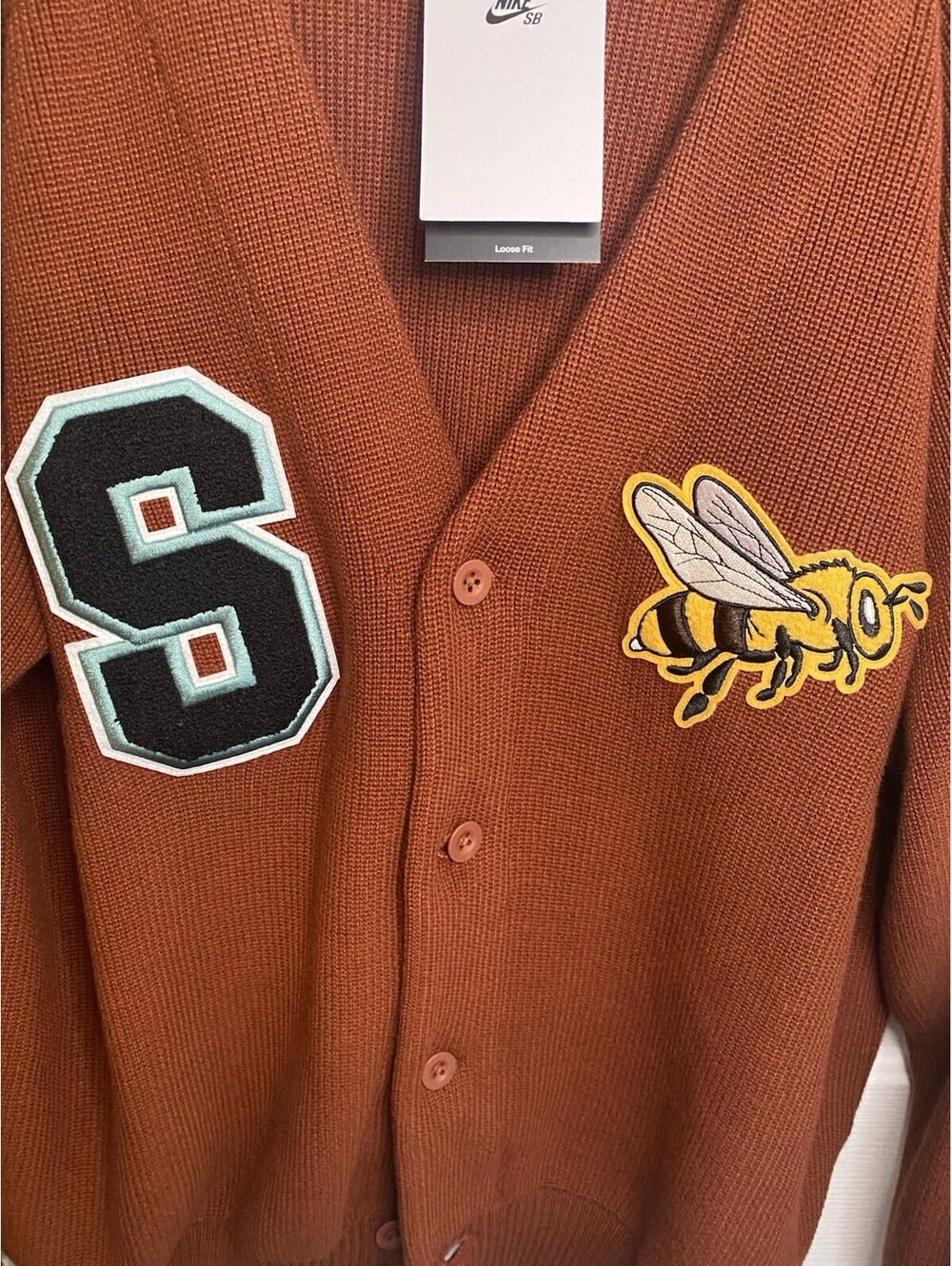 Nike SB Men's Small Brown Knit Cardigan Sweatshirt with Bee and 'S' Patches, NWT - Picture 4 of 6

■ ■ ■ ■ ■

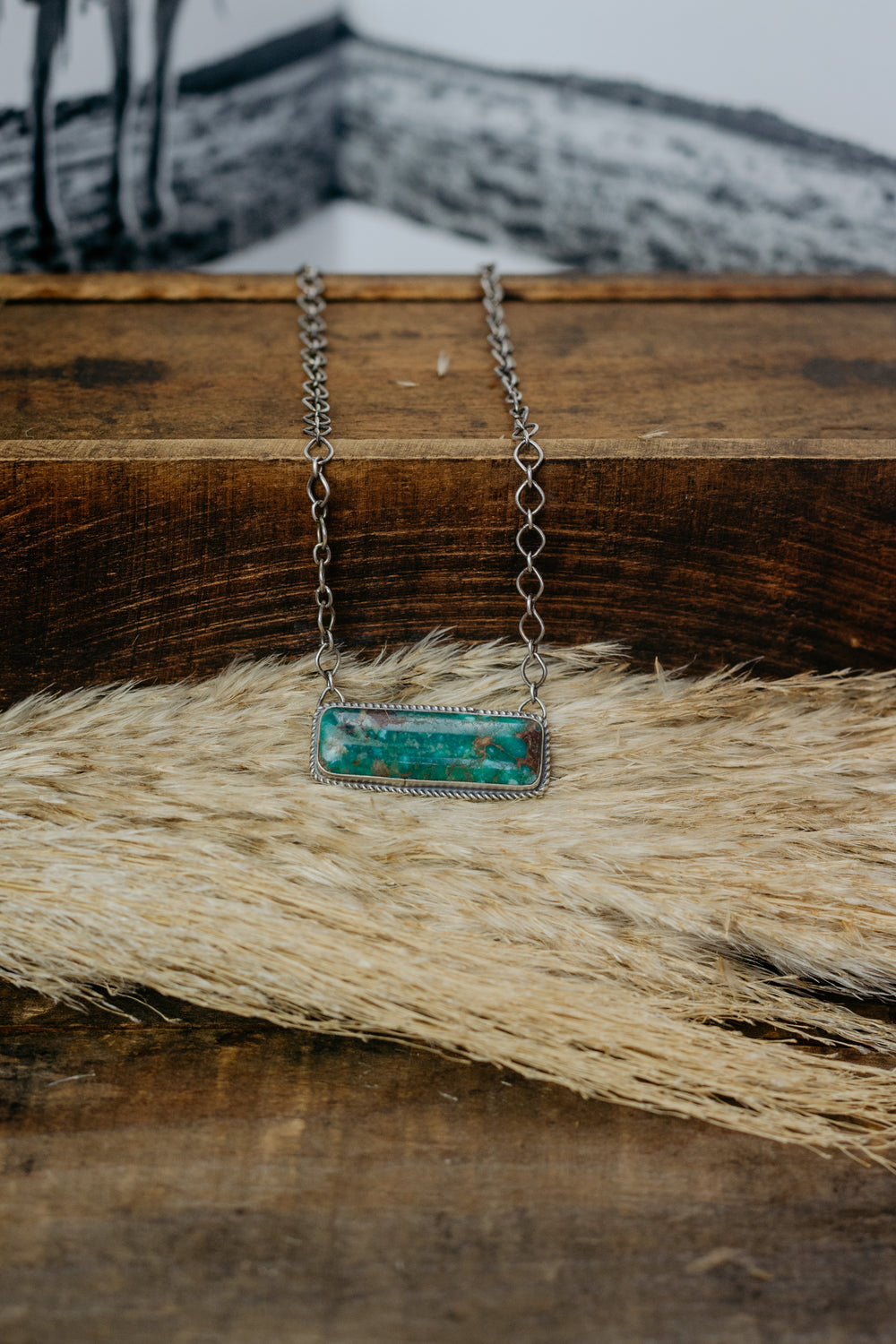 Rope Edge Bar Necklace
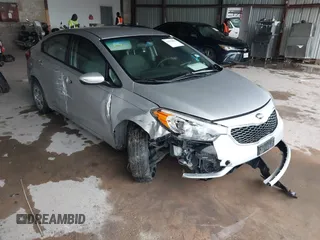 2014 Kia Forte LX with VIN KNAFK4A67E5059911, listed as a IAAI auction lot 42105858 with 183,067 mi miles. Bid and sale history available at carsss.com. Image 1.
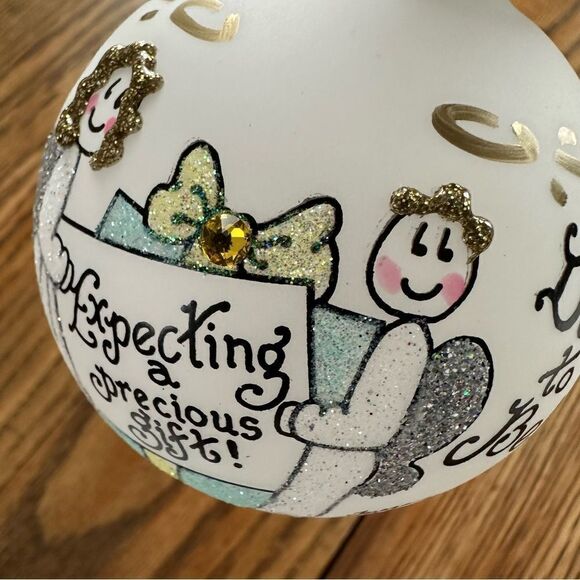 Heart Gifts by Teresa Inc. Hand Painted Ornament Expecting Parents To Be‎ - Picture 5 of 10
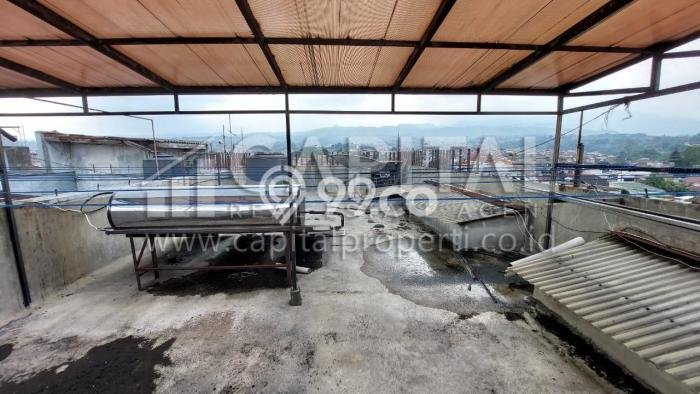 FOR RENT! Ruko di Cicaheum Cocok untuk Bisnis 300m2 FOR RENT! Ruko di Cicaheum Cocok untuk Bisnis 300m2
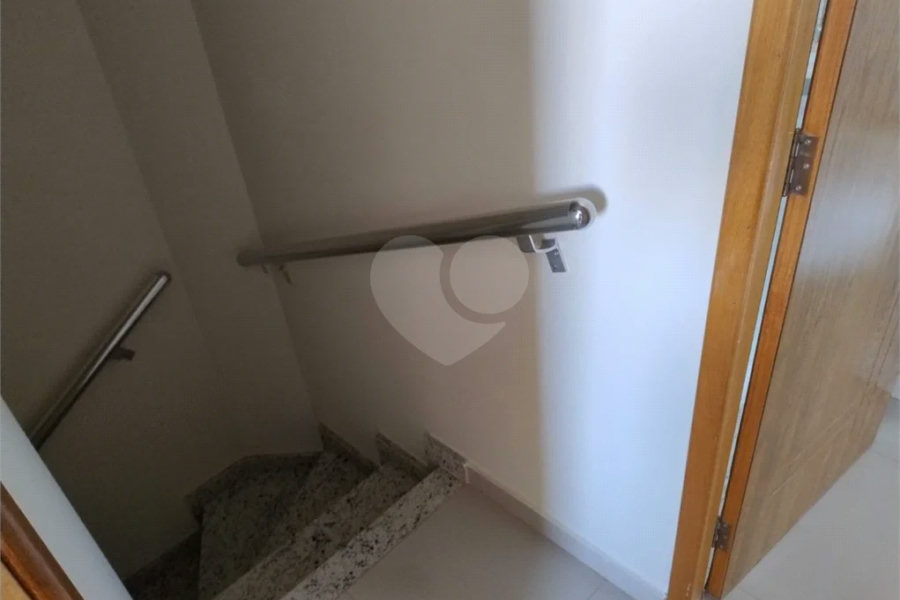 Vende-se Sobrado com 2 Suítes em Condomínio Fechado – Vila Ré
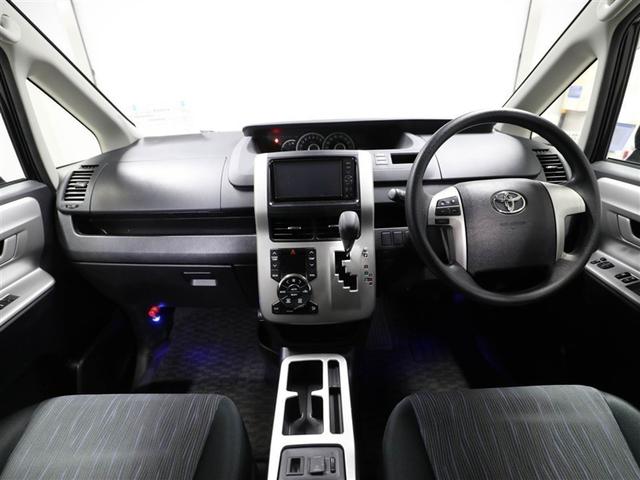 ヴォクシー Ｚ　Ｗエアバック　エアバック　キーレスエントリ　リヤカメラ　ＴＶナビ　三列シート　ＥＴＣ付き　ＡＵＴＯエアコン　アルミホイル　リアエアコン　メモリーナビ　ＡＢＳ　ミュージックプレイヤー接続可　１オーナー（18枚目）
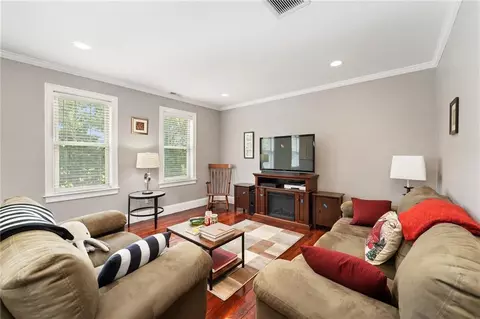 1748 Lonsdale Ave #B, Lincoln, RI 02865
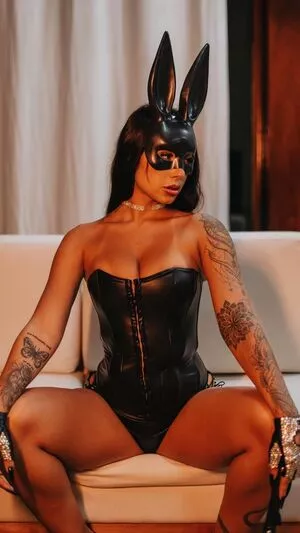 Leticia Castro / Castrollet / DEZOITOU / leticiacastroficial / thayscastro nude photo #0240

■ ■ ■ ■ ■

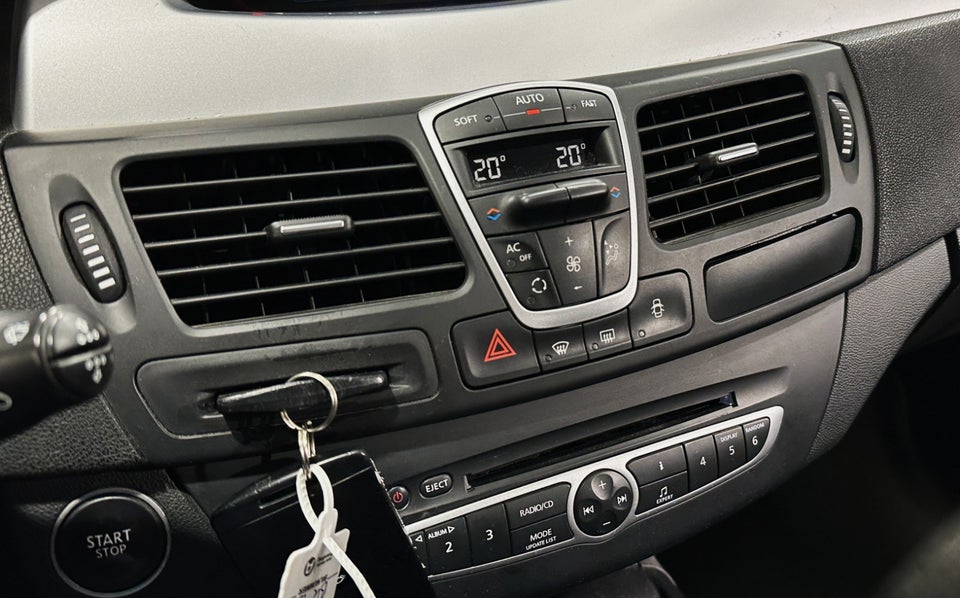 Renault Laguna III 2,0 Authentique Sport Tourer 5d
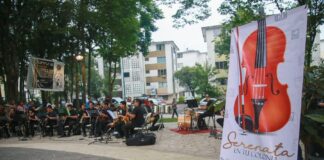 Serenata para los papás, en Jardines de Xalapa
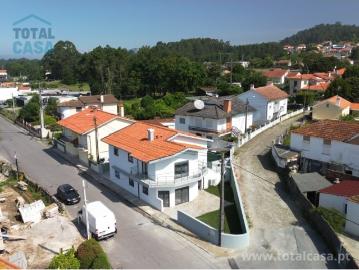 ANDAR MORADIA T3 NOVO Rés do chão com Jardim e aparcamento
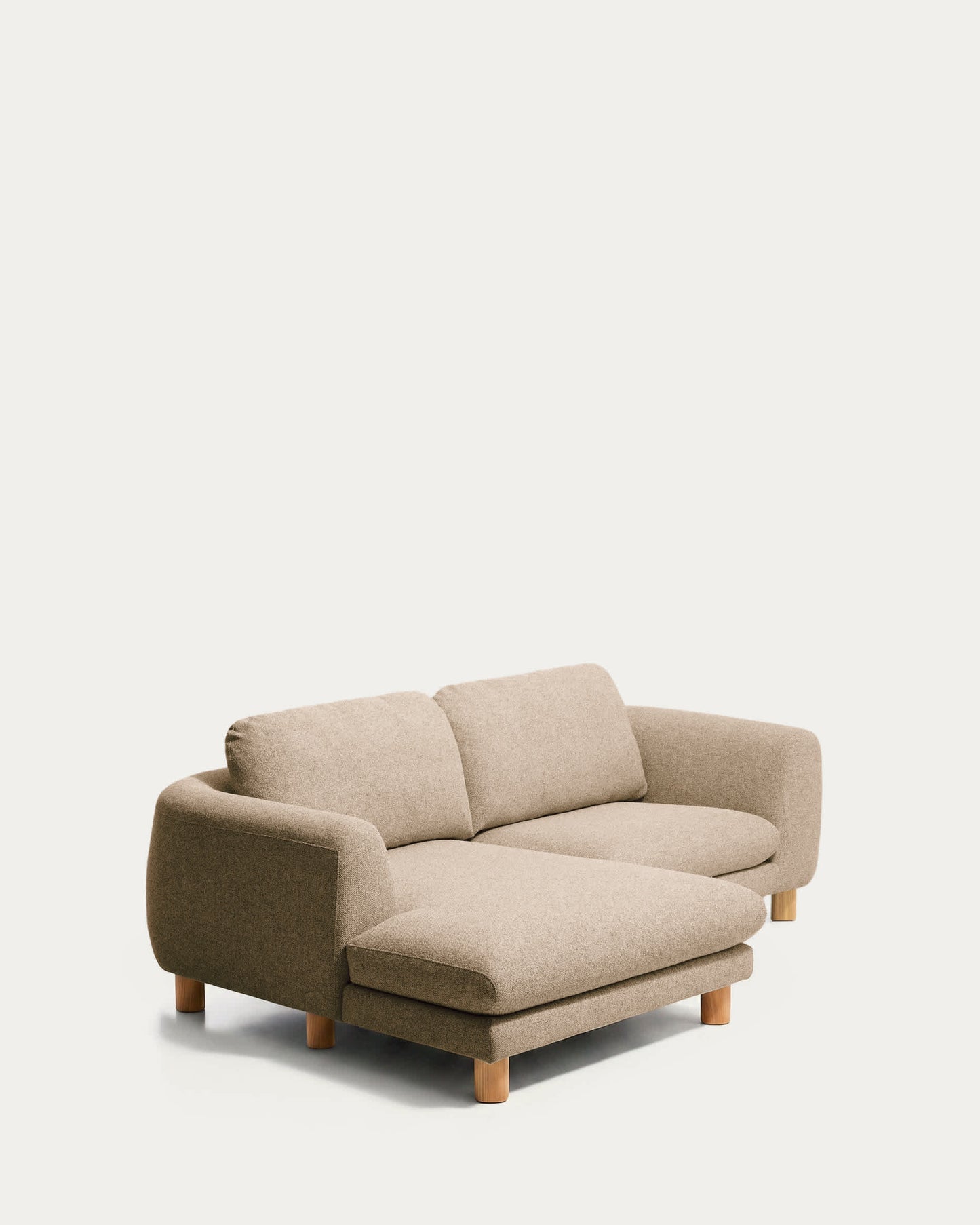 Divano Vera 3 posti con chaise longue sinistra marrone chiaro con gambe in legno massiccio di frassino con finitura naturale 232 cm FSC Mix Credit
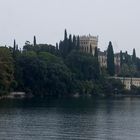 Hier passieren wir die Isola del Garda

■ ■ ■ ■ ■

An exact copy is needed. It runs from the line above containing "Vende-se Sobrado com" down to the line containing "1748 Lonsdale Ave #B, Lincoln, RI 02865", both included, with no pictures.

▶ **RESULT OF THE EXERCISE**:
 Vende-se Sobrado com 2 Suítes em Condomínio Fechado – Vila Ré
 ヴォクシー Ｚ　Ｗエアバック　エアバック　キーレスエントリ　リヤカメラ　ＴＶナビ　三列シート　ＥＴＣ付き　ＡＵＴＯエアコン　アルミホイル　リアエアコン　メモリーナビ　ＡＢＳ　ミュージックプレイヤー接続可　１オーナー（18枚目）
 1748 Lonsdale Ave #B, Lincoln, RI 02865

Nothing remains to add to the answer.